Rimanete nel mio amore
"Rimanete nel mio amore"(Gv 15,9b)
Mai come nel tempo in cui viviamo ci sentiamo così poveri di amore. Senza l’amore di Dio l'uomo si sente veramente povero, incapace di vivere per amare e di amare per gustare la gioia di vivere.
La nostra vita deve essere espressione dell'amore di Dio che sempre dona perché ama. Certo che non è facile comprendere quanto sia difficile rinunciare a qualcosa per servire coloro che ci vivono a fianco; quanto sia arduo non preoccuparci per il nostro corpo e per le nostre stanchezze, non smarrirci nelle nostre inutilità e non dare troppo spazio alle nostre ragioni umane. Ma guai a noi se ci arrendessimo; la tentazione a volte è forte.
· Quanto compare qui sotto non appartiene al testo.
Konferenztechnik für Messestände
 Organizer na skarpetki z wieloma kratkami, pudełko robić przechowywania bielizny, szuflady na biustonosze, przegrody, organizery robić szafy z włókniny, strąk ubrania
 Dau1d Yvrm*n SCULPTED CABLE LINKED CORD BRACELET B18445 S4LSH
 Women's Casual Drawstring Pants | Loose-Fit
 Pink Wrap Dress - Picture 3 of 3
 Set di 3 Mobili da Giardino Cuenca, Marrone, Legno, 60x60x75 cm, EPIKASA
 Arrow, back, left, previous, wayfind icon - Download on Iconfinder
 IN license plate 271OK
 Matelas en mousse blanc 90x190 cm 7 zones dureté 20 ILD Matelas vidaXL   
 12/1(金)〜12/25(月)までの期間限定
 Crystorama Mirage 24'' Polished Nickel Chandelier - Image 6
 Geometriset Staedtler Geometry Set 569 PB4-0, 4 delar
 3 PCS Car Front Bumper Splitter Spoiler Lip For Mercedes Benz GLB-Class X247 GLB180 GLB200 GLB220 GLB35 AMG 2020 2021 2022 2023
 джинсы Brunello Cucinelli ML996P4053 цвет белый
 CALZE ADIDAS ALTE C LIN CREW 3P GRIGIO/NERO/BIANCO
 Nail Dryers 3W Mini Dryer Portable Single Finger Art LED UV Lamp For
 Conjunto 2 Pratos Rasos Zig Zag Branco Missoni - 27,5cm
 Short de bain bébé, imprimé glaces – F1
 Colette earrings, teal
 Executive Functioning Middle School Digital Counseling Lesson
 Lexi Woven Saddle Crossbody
Noi dobbiamo diventare testimoni delle nostre miserie, dei nostri sacrifici, dei desideri irrealizzati, delle amarezze accumulate, delle difficoltà e di quanto ci costa servire per amare. Dobbiamo testimoniare la Carità di Dio, dell'amore di Cristo Gesù e dell'opera meravigliosa dello Spirito Santo, sempre in atto nel cuore dell'umanità, che procede senza di noi, che ci precede e sempre ci supera.
Sì, la gloria di Dio deve primeggiare nel nostro vivere, nel nostro operare la Carità di Cristo Gesù, e non il successo degli uomini. Pertanto Gesù ci dice: «Come il Padre ha amato me, così anch'io ho amato voi. Rimanete nel mio amore» (Gv 15,9b). Se ascoltiamo la Parola di Dio la nostra vita diventa una partecipazione alla Carità di Cristo, al suo amore per il Padre e per i fratelli; un amore dimentico di sé. Pertanto l'amore di Cristo, diffuso nei nostri cuori, ci spinge ad amare i fratelli e le sorelle fino ad assumerci le loro debolezze, i loro problemi, le loro difficoltà e le loro povertà. In una parola, fino a donare il meglio di noi stessi. Se il “pieno compimento della legge è l'amore” (cfr Rm 13,10), noi guardiamo al Cristo come al modello supremo da imitare e vivere in noi sotto l'azione potente dello Spirito Santo, come scrive San Paolo agli Efesini: «Fatevi unque imitatori di Dio quali figli carissimi, e camminate nella carità, nel modo che anche Cristo vi ha amato e ha dato se stesso per noi, offrendosi a Dio in sacrificio di soave odore» (Ef 5,1-2).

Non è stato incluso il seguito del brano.